The domained systems, like starfire and starcat, are also good candidates for removal because of the relative complexity and uniqueness of their code. And it's not as if the design specs for this hardware are out there to study.

What else might we consider removing (with starfire done and starcat a given)?

  1. The serengeti, Sun-Fire E2900-E6800. Another big blob of complex code.
  2. The lw8 (lightweight 8), aka the V-1280. This is basically some serengeti boards in a volume server chassis.
  3. Anything using Sbus. That would be the Ultra-2, and the E3000-E6000 (sunfire). There's also the socal, sf, and bpp drivers. One snag  with removing the Ultra-2 is that it's used as the base platfrom for the newer US-II desktops, which link back to it.
  4. The olympus platform. That's anything from Fujitsu. One slight snag here is that the M3000 was quite a useful box and is readily available on eBay, and quite affordable too.
  5. Netra systems. (Specifically NetraCT - there's a US-IIi NetraCT, and two US-IIe systems, the NetraCT-40 and the NetraCT-60. Code names montecarlo and makaha (something about Tonga too). Also CP2300 aka snowbird.
  6. Server blade. I'm talking the old B100s blade here.
  7. Binary compatibility with SunOS 4 - this is kernel support for a.out, and libbc.
I'm not saying at this point that all of this code and platform support will go, just that it lists the potential candidates. For example, I regard support for M3000 as useful, and definitely worth thinking about keeping.
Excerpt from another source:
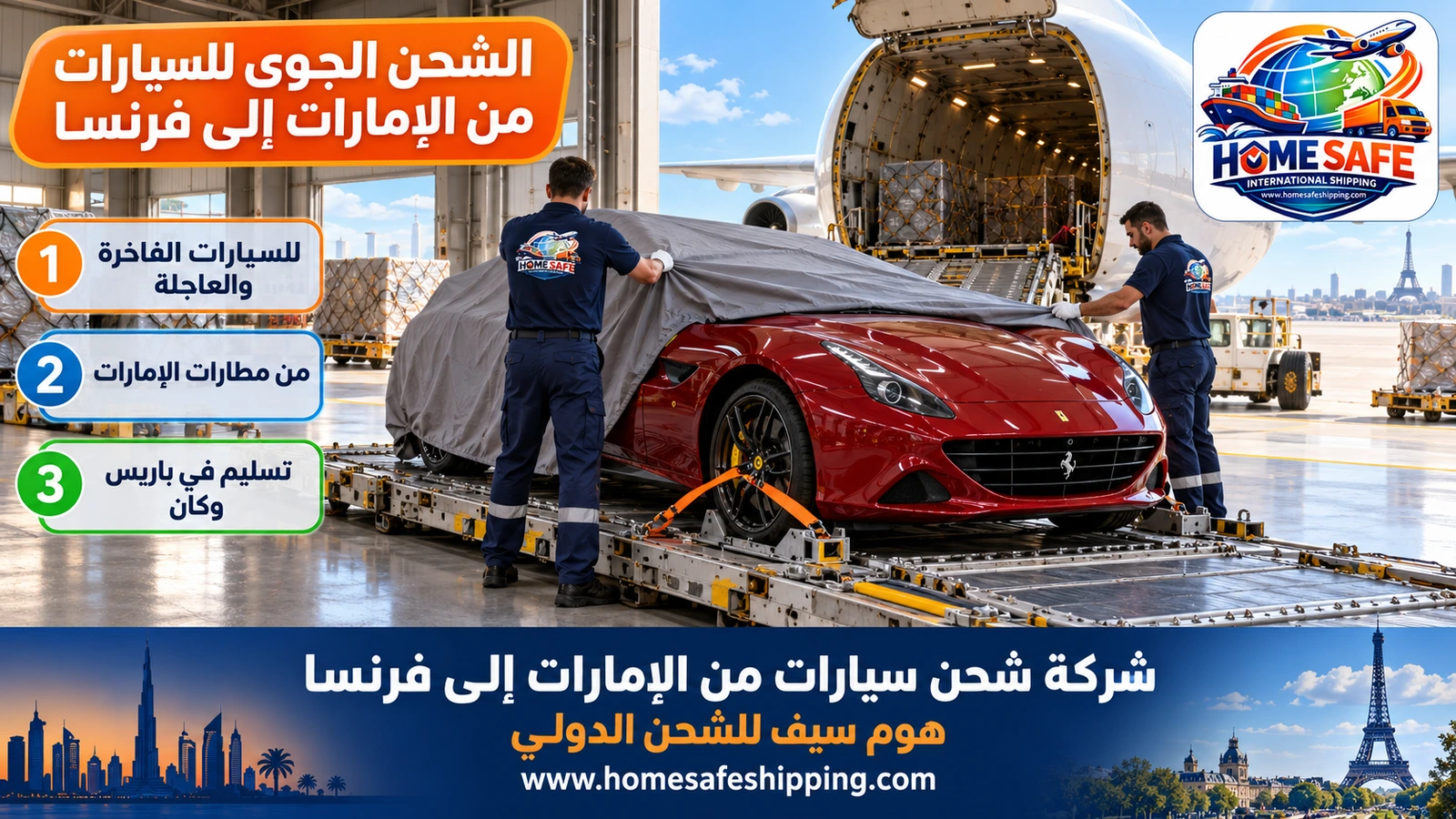 الشحن الجوي للسيارات من الإمارات إلى فرنسا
What does that leave as supported? Most of the US-II and US-III desktops, most of the V-series servers, and pretty much all the early sun4v (T1 through T3 chips) systems. In other words, the sort of thing that you can pick up second hand fairly easily at this point.

Getting rid of code that we can never use has a number of benefits:

  • We end up with a smaller body of code, that is thus easier to manage.
  • We end up with less code that needs to be updated, for example to make it gcc7 clean, or to fix problems found by smatch, or to enable illumos to adopt newer toolchains.
  • We can concentrate on the code that we have left, and improve its quality.
If we put those together into a single strategy, the overall aim is to take illumos for SPARC from a large body of unknown, untested, and unsupportable code to a smaller body of properly maintained, testable, and supportable code. Reduce quantity to improve quality, if you like.
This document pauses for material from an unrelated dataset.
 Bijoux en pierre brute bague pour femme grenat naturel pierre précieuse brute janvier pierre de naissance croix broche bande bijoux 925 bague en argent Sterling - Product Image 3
As part of this project, I've looked through much of the SPARC codebase. And it's not particularly pretty. One reason for attacking starfire was that I was able to convince myself relatively quickly that I could come up with a removal plan that was well-bounded - it was possible to take all of it out without accidentally affecting anything else. Some of the other platforms need bit more analysis to tease out all the dependencies and complexity - bits of code are shared between platforms in a variety of non-obvious ways.
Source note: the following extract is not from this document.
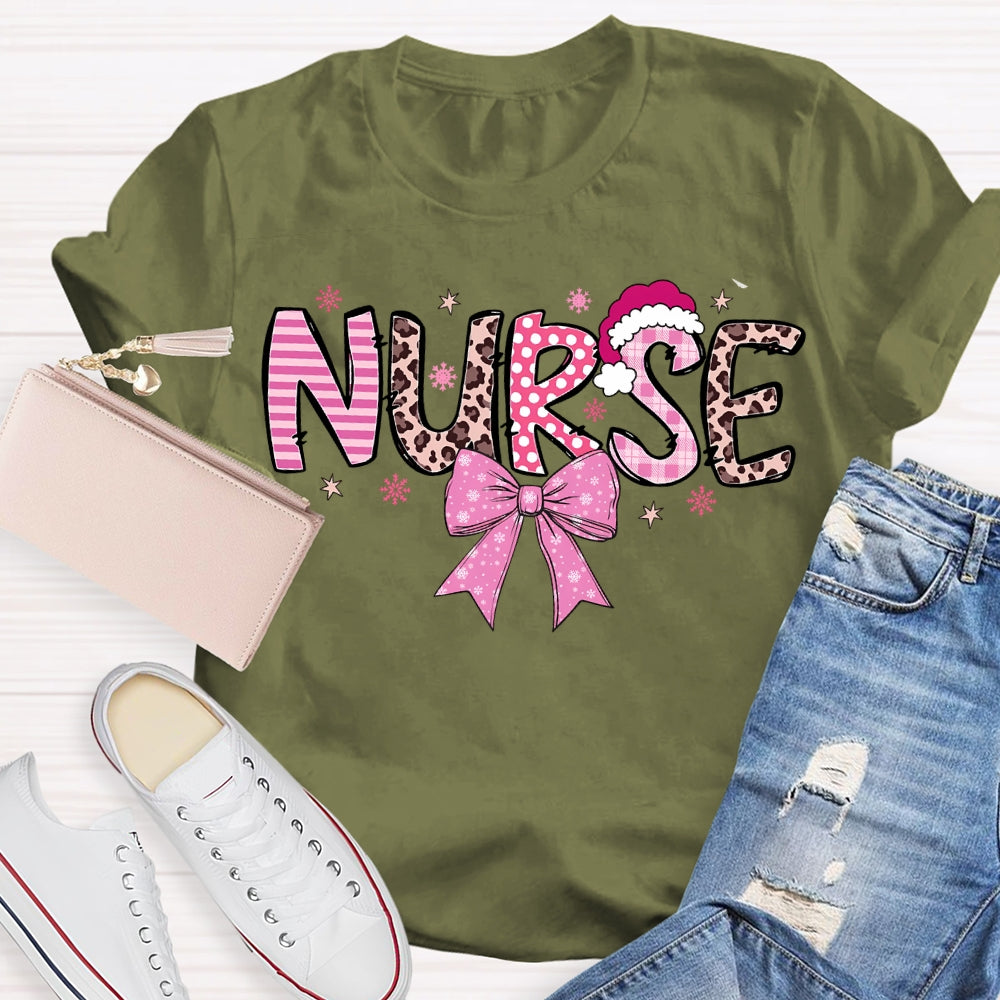 School Nurse Santa Hat And Pink Bow T-shirt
The above represents my thoughts on what would be a reasonable strategy for supporting SPARC in illumos. I would naturally be interested in the views of others, and specifically if anyone is actually using illumos on any of the platforms potentially on the chopping block.

3 comments:

Unknown said...

I would vote for keeping Fujitsu support if possible, I have an M3000. Of the platforms listed here they are probably the most useful/practical.

David said...

The v100’s & v120’s are inexpensive & power efficient.
The T1 & T2 CPU’s are also power efficient & open sourced, meaning others can construct new processors with impunity, so should be retained as reference platforms.

Peter Tribble said...

While I agree that there are systems that are relatively affordable, they're also cripplingly slow by modern standards. Likewise power efficiency - coolthreads were very good 15 years ago, but look power hungry today (looking at the consumption of my T5140 as an example).

Realistically, I'm not expecting people to go out and buy SPARC hardware to run illumos on; that would be quite keen. Rather, it's those who already have the gear and wish to keep it in a reasonably useful state that are a more interesting target.